今年の(1983)始めにファルマシアの編集部から、一通の封筒が送られて来た。それは何人かの人々が原稿用紙で3、4枚の短い文章で意見を述べる「パネル」の原稿依頼であった。それまでも新聞や雑誌から意見を求められたことがあり、短い文に意見をまとめるのは難しいとは感じていたが、今度のファルマシアはタイトルが「開局薬剤師の理想像」と知って、なおさら考え込まされてしまった。もはや周知のことではあるが、わが国の開局薬剤師と呼ばれる人々の開局の動機や仕事の内容は、ヨ-ロッパの一部の国々の実態とは掛け離れているのが実情なのである。
 薬剤師の人生の到達点として開局したい、と望んでいるヨ-ロッパの人々と違う意味を持っている。地域社会で既に確立した役割を果しており、加えて安定した身分と収入を得たいが、順番を待たねばならなかったり、機会に恵まれないかで、やむを得ず病院薬局や製薬会社に勤め続けている薬剤師の住む国では、たしかに薬学から見てふさわしい「開局薬剤師像」、もしくは「開局薬剤師の理想像」が存在するだろう。だが、わが国は、東は東、西は西で、まったく事情が異るのである。わが国の開局薬剤師は、ヨ-ロッパなどの開局薬剤師と違って、決して羨しがられる存在ではないし、薬学的実務者の共通の目標でもない、そんな評価が定着している。
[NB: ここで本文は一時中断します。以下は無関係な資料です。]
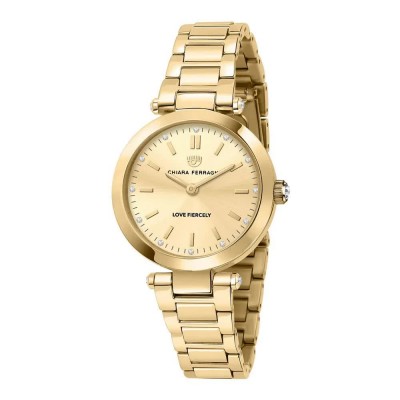 часовник,часовници,chiara,ferragni,r1953103504,watch,golden,(golden,golden,golden)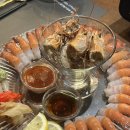 공정식 | 울산 삼산 분위기 좋은 술집 솔직후기&lt;공정식&gt;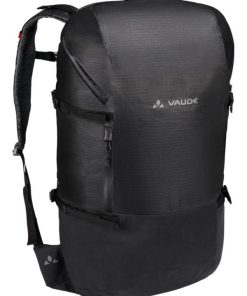 Eastendwardrobe.shop6b02ea894b 1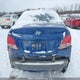 KMHCT4AE3FU854256 2015 Hyundai Accent Gls auction photo thumbnail 16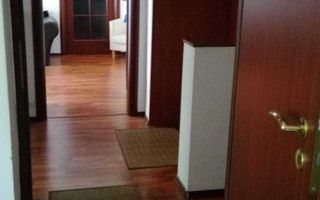 Apartament 3 camere de inchiriat- Ploiesti Nord (Cina) - Poză 7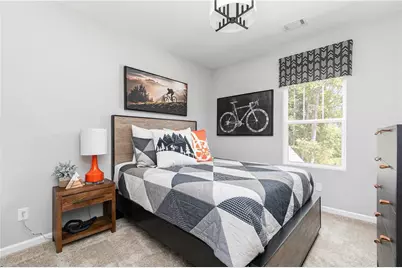 752 Coventry Cove Way, Acworth, GA 30102 - Photo 33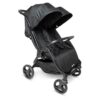 Baby Monsters Silla de paseo Happy Twin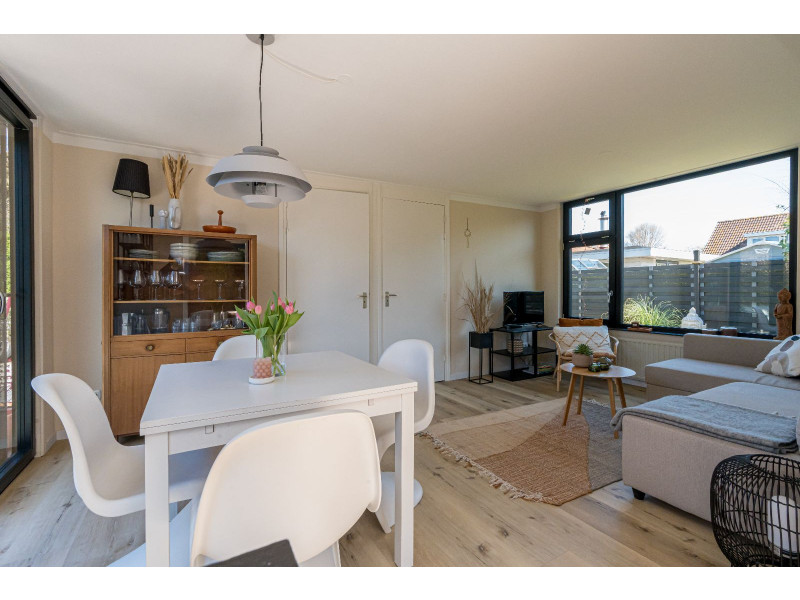 Renesse, Molenhoeve 36 - Image 6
どう考えても、原稿用紙3、4枚ではとても理想像にまで辿り着くわけにはいかない、というのが第1感であった。
 求めに応じて、原稿を提出した後に、これまで開局薬剤師の理想像を本当に真剣に、追い求めたことのなかったのでないかと反省した。
 これが、この文章を書き始めた動機で、日頃考えている事を、枚数に縛られることなく書いて見ようと決心した。

跡継ぎ息子
 わが国では開局薬剤師を志望する第1の候補は、薬局の「せがれ」と呼ばれる、既存の薬局の後継者である。この人々は薬科大学の在学中から、特別の扱いを受けるのが普通である。先生達から「彼は跡取りだから、まあ国家試験に合格する程度に勉強させよう。薬学と薬局商売が繁盛することは別であるから、無理に勉強させることもない。まあ適当に学生生活を楽しんでもらって横道に逸れることがなければ、それで良いではないか。」といった眼で見られ、それなりの期待しか受けないことになる。
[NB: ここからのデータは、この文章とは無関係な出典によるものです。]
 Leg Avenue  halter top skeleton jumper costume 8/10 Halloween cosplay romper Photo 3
 これには理由がいくつもある。親達の息子を跡継ぎにしたい意向が、息子に通じないことが多かろう。息子の方は親達の毎日のしんどい商売の裏表を子供の頃から見聞して、何か他の職業を選びたい希望を持つのは無理からぬ所でもある。大学入試の直前にどうしても薬科大学を受験しろと志望を変えさせられたら、やる気を無くすのは当然である。それよりもこうした反逆を起させないよう、跡継ぎを従順に育てることも大切だ、と考えがちにもなろう。おとなしくて覇気のない総領息子が育っていくことになる。となれば大学へは跡取り息子という無気力集団が、毎年毎年かなりの比率で押寄せることとなる。本人も味気ない学生生活を送ることにもなろうが、大学側もやる気のない学生を抱えて被害を受けるのは仕方がない。
 開局薬剤師の親達はむしろこれで満足なのである。必要以上に学問に熱を上げて研究者にでもなりたい等と言い出されたら迷惑するし、その学問が薬局商売に何の足しにもならないことは先刻承知で、理屈っぽい開局薬剤師になられたら、それこそお客は逃げ出すかもしれないのである。
 こうした親達(PTA?)の意向を敏感に感じ取っている学校側は決して無理をしないし、跡取り息子の方もお客様の恰好で満足し、薬剤師国家試験に合格するに足りるだけ勉強して、薬学の束縛から開放される喜びと共に、めでたく卒業を迎えることになると云うわけである。
 この馴合いは、もう数十年も続いているので、お客様側も薬学教育担当側も、開局薬剤師(薬局)と薬学との関連は資格(薬剤師免許)を獲得するだけと割り切っているのが普通ではなかろうか。

落ち零れの人々
 開局薬剤師の第2の候補者達は「落ち零れ」の人々である。薬大の卒業時に運悪く適当な就職先に恵まれず、仕方なしに薬局に勤めたという、社会人としての出発点で「落ち零れ」た人達は、何年かの薬局勤務の後に、独立して開局薬剤師になる確率が高い。また運良く就職したものの、会社に能力を認めて貰えない、企業の成績が悪く退職の肩叩きをされた、倒産したなどの不運に見舞われた場合に、「薬局でも開こうか」と決心することになる。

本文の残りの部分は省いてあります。